● Data excerpt:
----------------
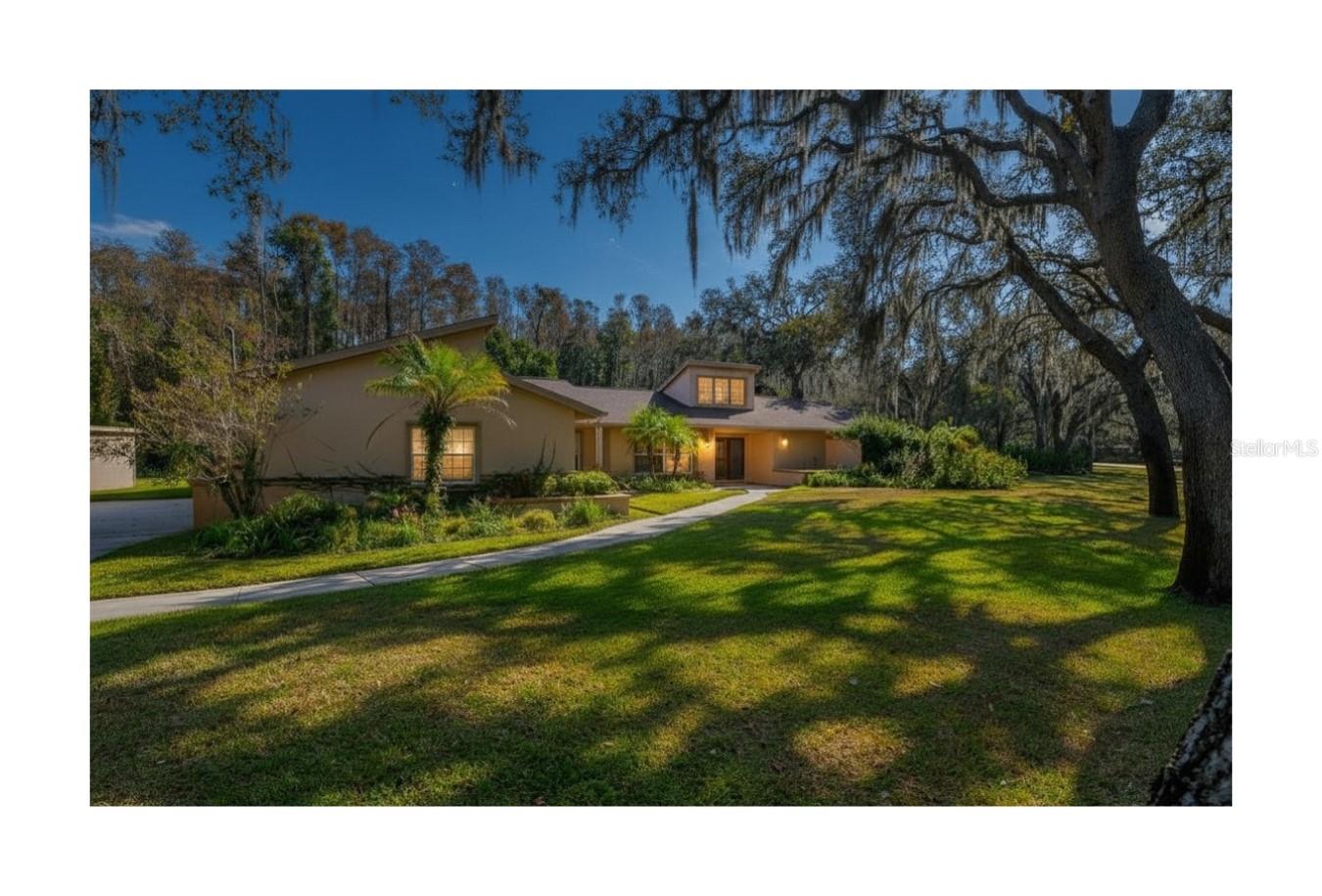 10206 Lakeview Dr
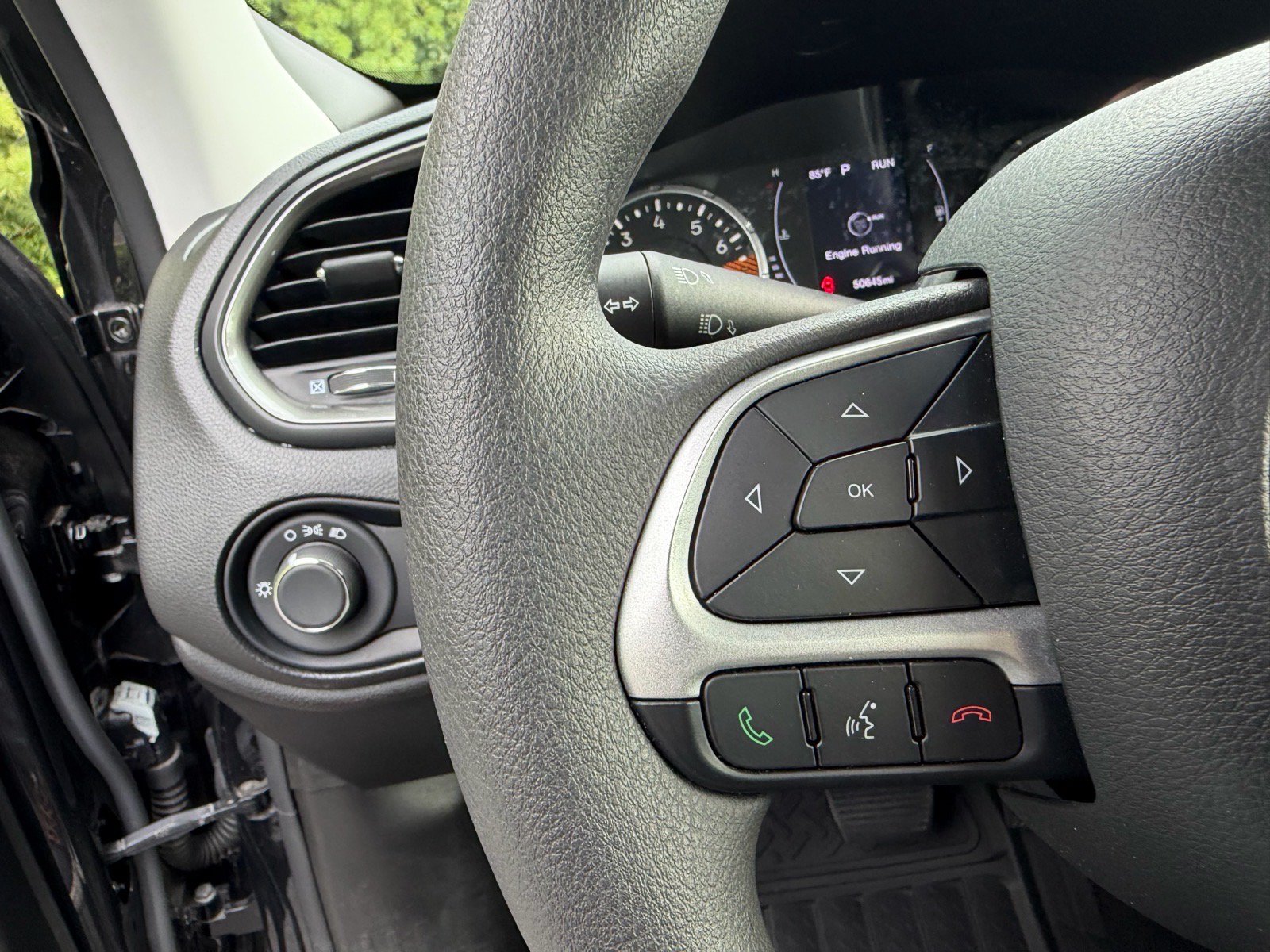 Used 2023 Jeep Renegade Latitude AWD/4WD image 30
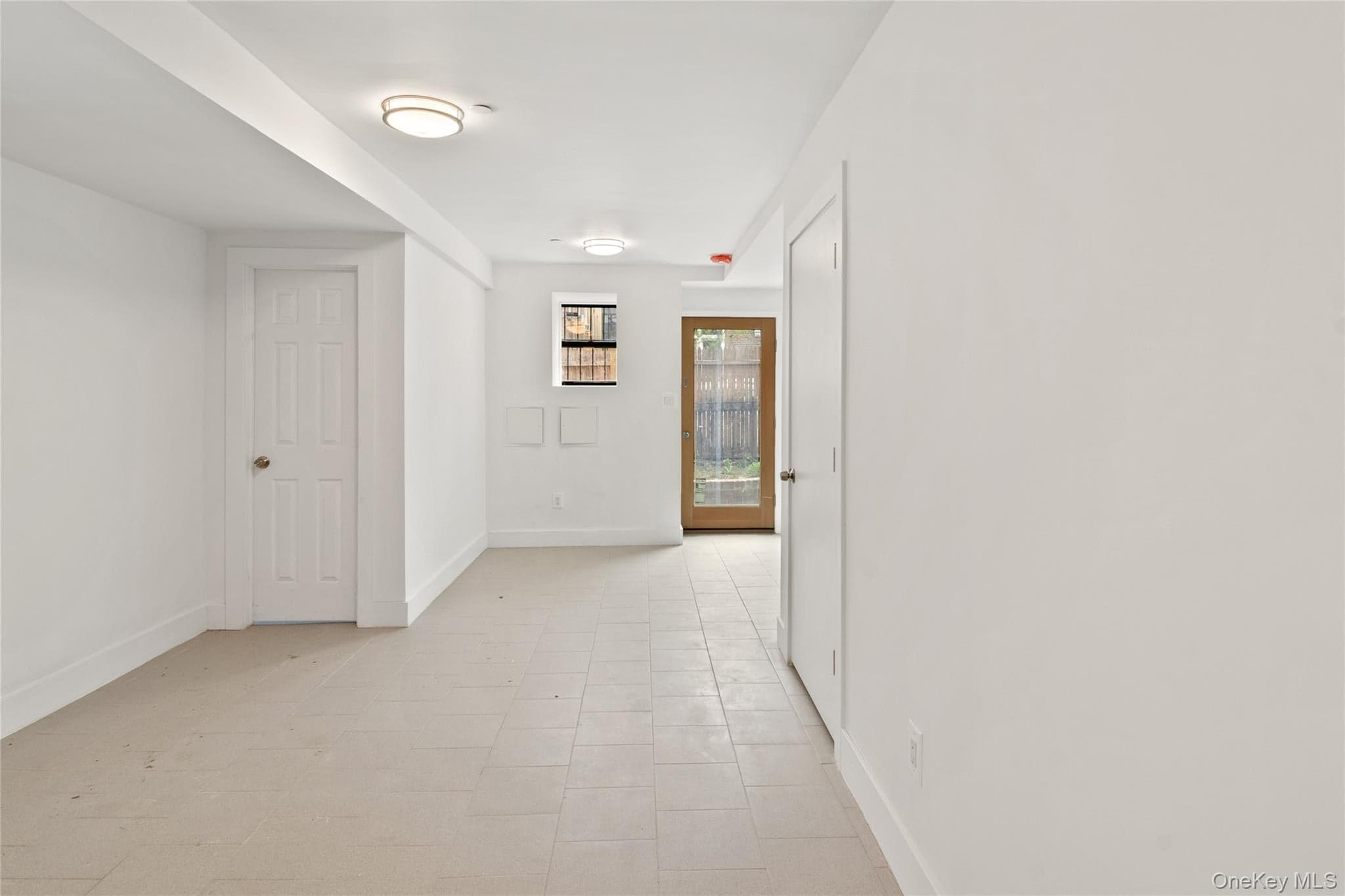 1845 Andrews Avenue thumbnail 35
----------------
● Task to complete: Only the lines between the one containing "Used 2023 Jeep" and the last line of the listing above, both included, should be written out, exactly and without pictures.

● Answer section:
 Used 2023 Jeep Renegade Latitude AWD/4WD image 30
 1845 Andrews Avenue thumbnail 35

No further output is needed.